Growing up, did you family do things for friends, neighbors and the community?

Anonymous
Yes, all of the time. I grew up in a small town and my parents constantly helped out other people. There were involved in the community in multiple ways.

One thing that stands out was that Dad and my uncle were always among the first called when tourists got lost or stranded by snow when hiking in the national forest. They knew those forests well because for years we had a permit to graze cattle there in the summer and my uncle was a logger who had a permit to cut certain trees. I remember times when the phone would ring. Mom brewed this big thermos of coffee, my uncle would pull up in his truck, and he and Dad set off to find them. He's too old for that now and my uncle died a few years ago.

My parents always took food when people were sick or had a birth or death in the family. Mom worked at the bank and helped half of the town balance their checkbooks to the penny. Dad was a carpenter and he helped everyone with repairs on their home. He and our neighbor still tag team everything on their farms. They raise money for Shriner's hospitals, sit on the Farm Bureau board, volunteer to clean up the local parks, volunteer to repair the cabins at the 4-H camp. Mom worked at the polls for every single election. I could go on and on. They are lovely and generous people.
Anonymous
My wife tried to get us involved with the PTA and other school related stuff.

I quickly grew to loathe most of the other parents involved in that, since they were the same type of try-hard student council go-getters I couldn’t stand back in high school. Now, I just write a check to the PTA and don’t have to waste my Saturdays on some 80’s themed fundraiser or other nonsense.
Anonymous
My ‘parents’ did this to keep up with their Christian charade. They would offer rides, cook meals/deliver them, run errands, offer up a bed, and they took in over 10 children.

She was always honored for the work she did ‘for the children.’ None of the children she took in had proper paper work, and they carried out most of her ‘charity.’ We were pretty much Restaveks.

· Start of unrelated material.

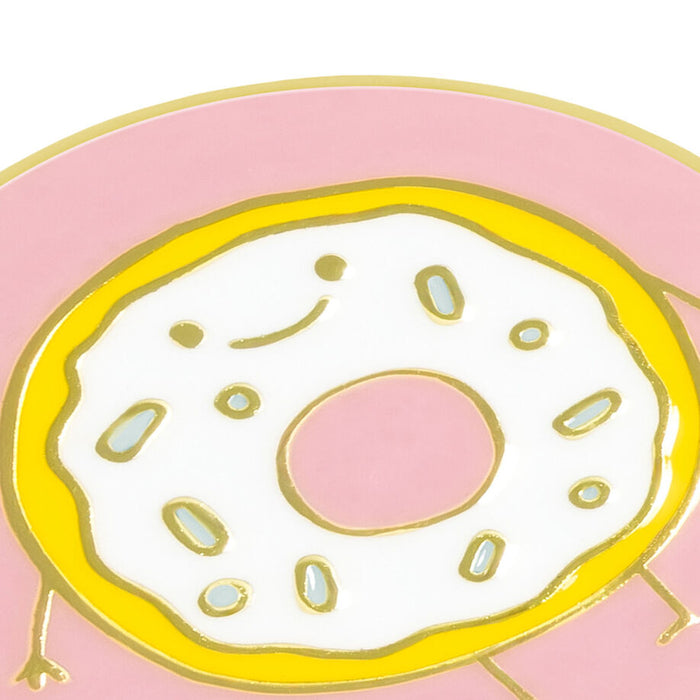 A stylized illustrated donut with a pink outer ring, yellow edge, white top, and small light blue sprinkle shapes on a white background.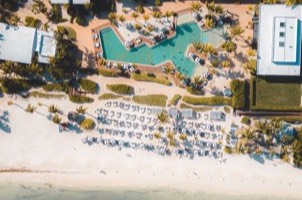 All-inclusive tropical resort pool and guest rooms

I continued to volunteer in high school for scholarships, and then for youth in foster care/transition today.
Anonymous
My parents — well, mostly my mom — did a lot of volunteer services through her church, kids schools, and neighborhood groups. She was a SAHM and considered community service work as part of that job. DH’s mom was similar. I am now the primary breadwinner in our family and don’t have time for much except our neighborhood mutual aid group. My DH is the SAHP but it would never occur to him to make food for a new parent or grieving neighbor, help organize a school fundraiser etc. He feels unqualified and ill prepared to do those things, I think. I wish he would because it would be a great example for our kids.
Anonymous
Yes and yes- though I volunteer more then my parents did they certainly set the example. I try to do the same for DC. Most of our volunteer time is through school, church, scouts and sports. Every year DC pick a charity (or two) and they can make money to donate. Once they hit ~9 if they had birthday parties they did fund raisers.
Anonymous
My dad did when I was very young, but then he and my mom split and he was too busy being a single parent.

I would love to help out our community more, but my H is very much against it. If I buy someone a meal, or offer to watch their kids, or whatever, he throws a tantrum. He’s very “well they should have thought of that before they became poor/got sick/had kids!”